While the talk is of solidarity, clear divisions are evident.
The most recent partnership to utilize its muscles has been the gathering of seven “Southern EU Countries”, which met as of late in El Pardo Palace in Madrid, Spain.
Included the Iberian nations, France, Italy, Greece, Cyprus and Malta – the gathering, meeting for the third time at any point, set out its requests saying Brussels countries needed to deal with “shared obligation and solidarity” over movement strategy – viably requiring the northern nations to pull their weight regarding both giving the back vital and taking their share of the vagrants touching base in the alliance.
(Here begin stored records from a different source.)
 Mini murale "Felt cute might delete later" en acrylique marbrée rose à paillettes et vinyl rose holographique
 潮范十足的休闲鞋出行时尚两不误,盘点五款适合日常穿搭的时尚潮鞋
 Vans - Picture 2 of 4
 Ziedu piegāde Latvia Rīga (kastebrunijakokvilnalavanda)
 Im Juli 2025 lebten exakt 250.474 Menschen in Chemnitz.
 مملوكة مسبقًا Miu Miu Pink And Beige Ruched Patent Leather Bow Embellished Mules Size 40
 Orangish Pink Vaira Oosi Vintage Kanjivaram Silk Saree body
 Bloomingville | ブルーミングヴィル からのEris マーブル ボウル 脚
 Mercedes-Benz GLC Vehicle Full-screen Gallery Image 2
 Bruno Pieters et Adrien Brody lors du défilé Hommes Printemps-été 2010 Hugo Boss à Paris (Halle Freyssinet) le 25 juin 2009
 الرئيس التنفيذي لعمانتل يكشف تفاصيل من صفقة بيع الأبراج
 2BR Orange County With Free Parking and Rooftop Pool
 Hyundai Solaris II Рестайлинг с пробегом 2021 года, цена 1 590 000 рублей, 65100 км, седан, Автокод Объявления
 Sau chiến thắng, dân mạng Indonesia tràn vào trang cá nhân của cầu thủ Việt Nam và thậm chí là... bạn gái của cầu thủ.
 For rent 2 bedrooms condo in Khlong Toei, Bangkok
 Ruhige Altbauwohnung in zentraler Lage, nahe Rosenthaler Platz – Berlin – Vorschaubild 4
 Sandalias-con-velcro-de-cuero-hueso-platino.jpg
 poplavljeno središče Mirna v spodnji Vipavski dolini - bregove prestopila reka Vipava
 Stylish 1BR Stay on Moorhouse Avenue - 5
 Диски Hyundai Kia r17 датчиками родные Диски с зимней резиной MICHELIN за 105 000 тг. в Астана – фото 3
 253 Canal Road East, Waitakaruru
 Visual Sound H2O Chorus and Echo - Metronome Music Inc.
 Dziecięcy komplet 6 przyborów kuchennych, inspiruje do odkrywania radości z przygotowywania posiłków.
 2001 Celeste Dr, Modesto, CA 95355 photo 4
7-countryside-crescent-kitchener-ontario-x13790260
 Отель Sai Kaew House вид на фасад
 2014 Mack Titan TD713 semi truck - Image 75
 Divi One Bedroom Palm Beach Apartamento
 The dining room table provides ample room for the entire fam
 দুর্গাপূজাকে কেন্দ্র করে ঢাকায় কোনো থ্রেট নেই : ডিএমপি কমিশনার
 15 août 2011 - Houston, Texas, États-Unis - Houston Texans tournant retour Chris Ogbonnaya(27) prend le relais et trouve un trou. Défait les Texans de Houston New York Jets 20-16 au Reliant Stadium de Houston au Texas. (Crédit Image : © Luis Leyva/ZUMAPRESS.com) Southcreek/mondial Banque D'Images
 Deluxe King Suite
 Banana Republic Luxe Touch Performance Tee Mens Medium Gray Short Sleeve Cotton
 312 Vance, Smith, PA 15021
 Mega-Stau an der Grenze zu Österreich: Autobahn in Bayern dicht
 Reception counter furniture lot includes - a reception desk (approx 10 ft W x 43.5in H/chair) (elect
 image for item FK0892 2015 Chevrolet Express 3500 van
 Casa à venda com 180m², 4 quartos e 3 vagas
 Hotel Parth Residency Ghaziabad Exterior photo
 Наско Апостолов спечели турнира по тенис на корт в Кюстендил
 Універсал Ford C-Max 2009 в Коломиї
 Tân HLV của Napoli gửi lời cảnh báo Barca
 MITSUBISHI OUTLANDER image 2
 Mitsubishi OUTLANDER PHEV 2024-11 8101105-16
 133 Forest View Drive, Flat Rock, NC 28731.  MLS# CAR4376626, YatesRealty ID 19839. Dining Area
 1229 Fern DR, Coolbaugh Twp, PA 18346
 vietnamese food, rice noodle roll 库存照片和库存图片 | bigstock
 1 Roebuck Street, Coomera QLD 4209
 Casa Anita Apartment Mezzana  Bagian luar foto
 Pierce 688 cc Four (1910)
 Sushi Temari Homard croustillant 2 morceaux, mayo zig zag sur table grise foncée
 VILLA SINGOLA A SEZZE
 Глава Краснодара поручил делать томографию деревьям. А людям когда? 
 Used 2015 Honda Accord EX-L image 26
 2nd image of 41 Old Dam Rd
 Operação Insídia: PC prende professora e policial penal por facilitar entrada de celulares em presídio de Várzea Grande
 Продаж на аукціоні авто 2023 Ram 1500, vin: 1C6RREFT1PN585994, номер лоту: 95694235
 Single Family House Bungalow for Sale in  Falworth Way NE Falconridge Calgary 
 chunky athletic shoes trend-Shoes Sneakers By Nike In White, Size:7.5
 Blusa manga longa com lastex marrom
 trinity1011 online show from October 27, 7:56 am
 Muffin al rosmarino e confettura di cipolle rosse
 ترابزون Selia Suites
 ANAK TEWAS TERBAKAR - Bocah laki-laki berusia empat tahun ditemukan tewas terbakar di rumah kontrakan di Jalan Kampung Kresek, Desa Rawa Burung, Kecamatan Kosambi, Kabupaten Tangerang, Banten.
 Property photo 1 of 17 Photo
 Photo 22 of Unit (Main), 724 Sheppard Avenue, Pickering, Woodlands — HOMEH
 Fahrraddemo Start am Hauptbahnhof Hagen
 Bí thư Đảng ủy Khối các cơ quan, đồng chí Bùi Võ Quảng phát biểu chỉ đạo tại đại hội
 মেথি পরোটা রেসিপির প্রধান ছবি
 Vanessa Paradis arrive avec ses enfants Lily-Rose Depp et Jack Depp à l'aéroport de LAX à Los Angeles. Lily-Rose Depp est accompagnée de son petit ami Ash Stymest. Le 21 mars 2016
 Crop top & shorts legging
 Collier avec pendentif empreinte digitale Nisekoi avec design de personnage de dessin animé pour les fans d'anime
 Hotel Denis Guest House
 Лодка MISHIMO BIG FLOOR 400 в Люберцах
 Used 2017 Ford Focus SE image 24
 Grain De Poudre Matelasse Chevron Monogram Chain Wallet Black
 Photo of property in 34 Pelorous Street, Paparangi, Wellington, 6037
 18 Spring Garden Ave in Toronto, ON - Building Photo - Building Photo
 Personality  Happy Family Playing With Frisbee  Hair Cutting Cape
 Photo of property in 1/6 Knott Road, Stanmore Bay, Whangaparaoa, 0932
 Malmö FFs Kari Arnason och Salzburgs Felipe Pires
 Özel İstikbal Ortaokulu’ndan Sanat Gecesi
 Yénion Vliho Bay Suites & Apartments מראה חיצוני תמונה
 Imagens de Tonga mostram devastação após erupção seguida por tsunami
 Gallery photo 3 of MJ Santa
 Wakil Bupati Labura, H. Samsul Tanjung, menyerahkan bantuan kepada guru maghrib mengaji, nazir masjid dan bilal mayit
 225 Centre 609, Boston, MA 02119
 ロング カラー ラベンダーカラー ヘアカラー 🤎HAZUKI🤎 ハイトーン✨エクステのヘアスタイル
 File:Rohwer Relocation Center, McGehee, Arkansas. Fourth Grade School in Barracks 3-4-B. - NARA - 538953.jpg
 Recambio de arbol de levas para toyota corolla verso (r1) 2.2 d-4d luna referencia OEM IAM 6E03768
Spain’s PM Mariano Rajoy said a typical relocation strategy was one of the top needs for the gathering, and Italian Prime Minister Paolo Gentiloni announced the seven Southern European nations share “normal geopolitical interests,” particularly as far as “vagrant streams.”
Spain’s secretary of state for the EU Jorge Toledo stated: “We’re the nations that spend the most assets… in outskirt assurance and we’re securing the fringe of the entire EU, likewise that of the Northern European nations.”
That will put the gathering on crash course with East European nations in the coalition, particularly the Visegrád nations – Hungary, Poland, Slovakia and the Czech Republic – who are much more Eurosceptic, more negative towards mass migration into the EU and against a brought together EU.
“The democratic features of the EU can only be strengthened through member states.”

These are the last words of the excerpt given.